No sabemos muy bien de qué es precipitado eso que llamamos intuición. Tan sólo sabemos que hay, de pronto, verdades que se manifiestan con una contundencia - ¿ será ésta la palabra adecuada ? - que hace vibrar todo nuestro cuerpo. Se constituyen así en un a modo de verdades vivientes que acaparan, durante unos segundos, toda nuestra atención y no sólo la de nuestra mente. No son exactamente verdades claras y distintas como las que quería Descartes, pero tampoco tenemos muchas dudas acerca de ellas: emergen como una concordancia fisicoquímica ajena a la voluntad y al pensamiento discursivo. Parece como si, por un momento, comprendiéramos algo a lo que le llevamos dando vueltas un buen rato, unas horas, unos días o , incluso, unos cuantos años. ¿Será todo esto el fruto de una deriva lógica turbo-inconsciente ?

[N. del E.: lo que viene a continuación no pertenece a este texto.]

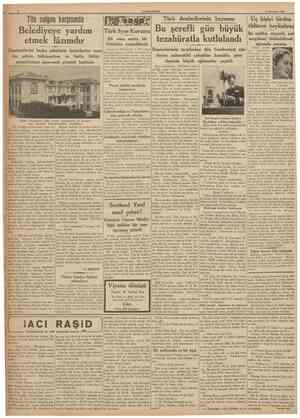  CUMHURİYET 2 Temmuz 1937 Tifo salgını karşısmda Belediyeye yardım etmek lâzımdır lastanelerini başka şehîrlerin hastalarına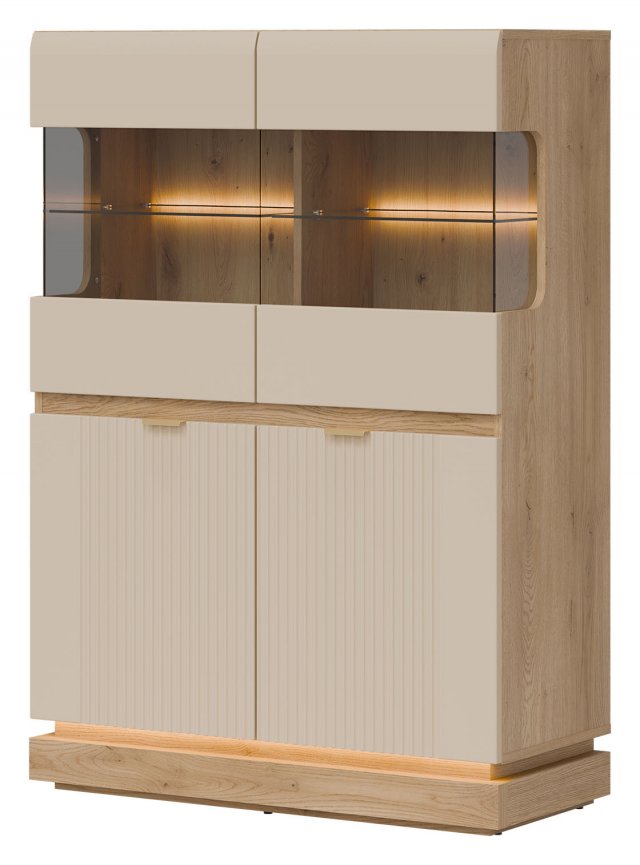 MILTON-ML 04 Glass-fronted cabinet,Cremona torro oak/cashmere matt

Lo más sorprendente es que estas verdades brotan a partir de detalles ocasionales y huidizos: una mirada de la persona amada, el gesto de un amigo, un lapsus lingüístico de un colega, la frase leída en aquel libro, una ola chocando contra las rocas, la música de un viejo disco de vinilo... Vienen a ser, en este sentido, algo así como haikus corporales: los cuerpos captan repentinamente la totalidad de algo, una totalidad que luego también se evapora muy rápidamente, dejando el recuerdo de una leve estela mental.
No sabemos, en fin, de dónde vienen y a dónde van estas nuestras intuiciones, pero sí sabemos que constituyen , para nosotros, una forma de conocimiento. Una forma de conocimiento sobre la que no se pueden decir precisamente muchas cosas.